One Point Indonesia, Jakarta – Penempatan dana perbankan di surat berharga sampai dengan awal November 2019 masih terbilang tinggi. Merujuk data Direktorat Jenderal Pengelolaan Pembiayaan dan Risiko Kementerian Keuangan (DJPPR) sampai dengan 7 November 2019 total kepemilikan bank terhadap surat berharga negara (SBN) sudah mencapai Rp 687,28 triliun.
Angka tersebut melampaui penempatan dana bank di SBN periode yang sama tahun lalu sebesar Rp 643,31 triliun.

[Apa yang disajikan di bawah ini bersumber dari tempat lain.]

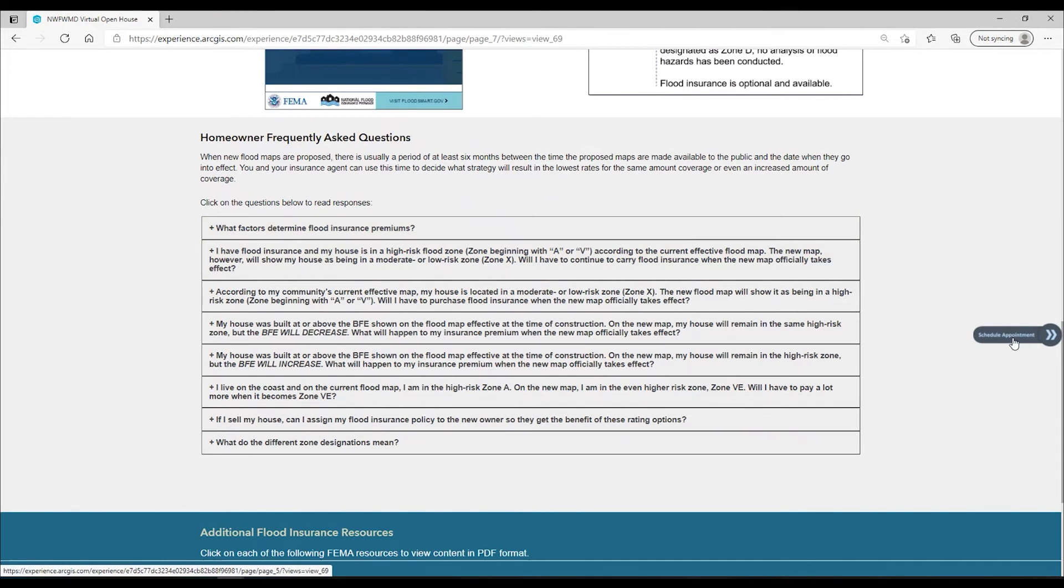Please visit step three next and learn about what options are available for proposing a change to a flood map if you disagree with how your flood risk is changing.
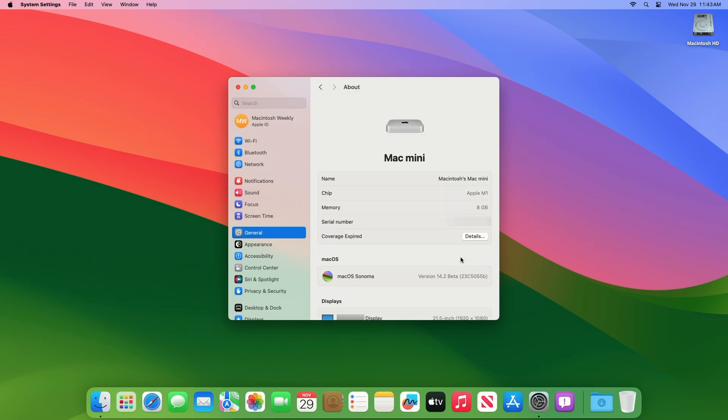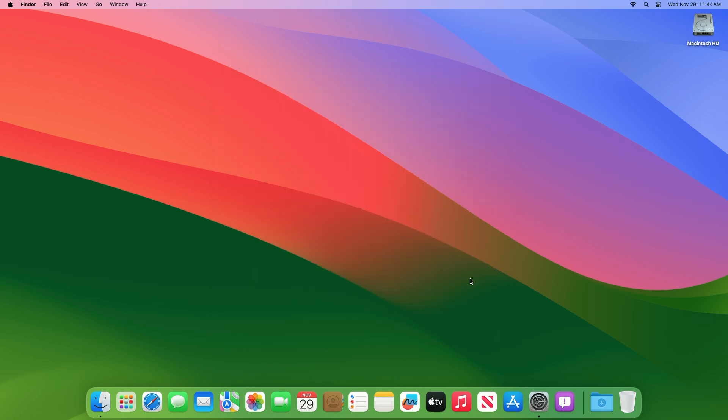As you can see, the device has been successfully updated to macOS Sonoma 14.2 beta 4, and the build number is 23C5055B.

Merujuk data OJK per Agustus 2019 lalu tercatat total penempatan dana bank di surat berharga sudah menembus Rp 1.054,18 triliun atau naik 6,8% secara yoy. Dana tersebut utamanya didominasi obligasi sebesar Rp 738,96 triliun, meningkat 12,93% yoy dari Agustus 2018.
Direktur Kepatuhan PT Bank Tabungan Negara Tbk (BTN) Mahelan Prabantarikso menjelaskan penempatan surat berharga tersebut merupakan upaya bank untuk memenuhi secondary reserve. Ia juga menjabarkan bahwa per Oktober 2019, total penempatan dana BTN di surat berharga tercatat sebesar Rp 18,8 triliun atau naik Rp 4,4 triliun jika dibandingkan periode yang sama pada tahun lalu.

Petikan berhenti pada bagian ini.